A tentativa de intimidação do trabalho jornalístico ganhou um novo capítulo naquele mesmo dia 7 de abril em que Cotait deu o seu depoimento. Nessa data, o repórter Allan de Abreu recebeu uma intimação policial para prestar depoimento no inquérito. Em resposta à intimação, o advogado Luis Francisco Carvalho Filho, que defende a piauí, escreveu que o inquérito do Deic de Araçatuba, conduzido pelos subordinados do delegado Cotait, é “um flagrante e inusitado ataque à liberdade de informação jornalística”. Acrescentou: “A portaria [que formalmente inicia a investigação policial] não descreve um efetivo delito de obstrução de justiça. É tentativa bisonha de criminalizar a atividade jornalística e de obstruir a liberdade de informação.”

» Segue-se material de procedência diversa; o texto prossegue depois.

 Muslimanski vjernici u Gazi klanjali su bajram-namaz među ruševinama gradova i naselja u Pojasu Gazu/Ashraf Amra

Para Carvalho Filho, está claro que a investigação vem sendo instrumentalizada pelo delegado Cotait, razão pela qual pediu cópia do inquérito conduzido pelos seus próprios subordinados a fim de embasar possíveis ações contra a piauí. “A reportagem […] pode ser contestada judicialmente, seja pela propositura de ação penal por crime contra a honra, seja pela propositura de ação civil de reparação de danos morais, o que faria parte das regras do jogo, não pela instrumentalização ardilosa do poder policial que tenta transformar reportagem jornalística em delito de obstrução de justiça”, conclui Carvalho Filho. Allan de Abreu, por orientação do advogado, recusou-se a depor no inquérito.

A presidente da Associação Brasileira de Jornalismo Investigativo (Abraji), Katia Brembatti, entende que o caso engloba expressivos indícios de violação da atividade profissional resguardada por garantias constitucionais. “A polícia tem direito de investigar, mas agentes públicos não podem se valer de acessos privilegiados para promover intimidações e perseguições”, diz. Para ela, há evidências contundentes de quebra de sigilo da fonte. “É inadmissível que um delegado e policiais próximos a ele usem seus cargos para investigar jornalistas e veículos que publiquem reportagens que não sejam de seu agrado.”

Procurado pela piauí, Cotait não se manifestou. A assessoria de imprensa da Secretaria de Segurança Pública de São Paulo, por sua vez, informou em nota que “todas as diligências [do inquérito] foram conduzidas com respaldo legal e sob supervisão do Poder Judiciário e do Ministério Público”, mas que a pasta “não compactua com qualquer forma de abuso de autoridade e reafirma seu compromisso com a liberdade de imprensa, os direitos constitucionais – incluindo o sigilo de fonte – e a transparência dos procedimentos legais”.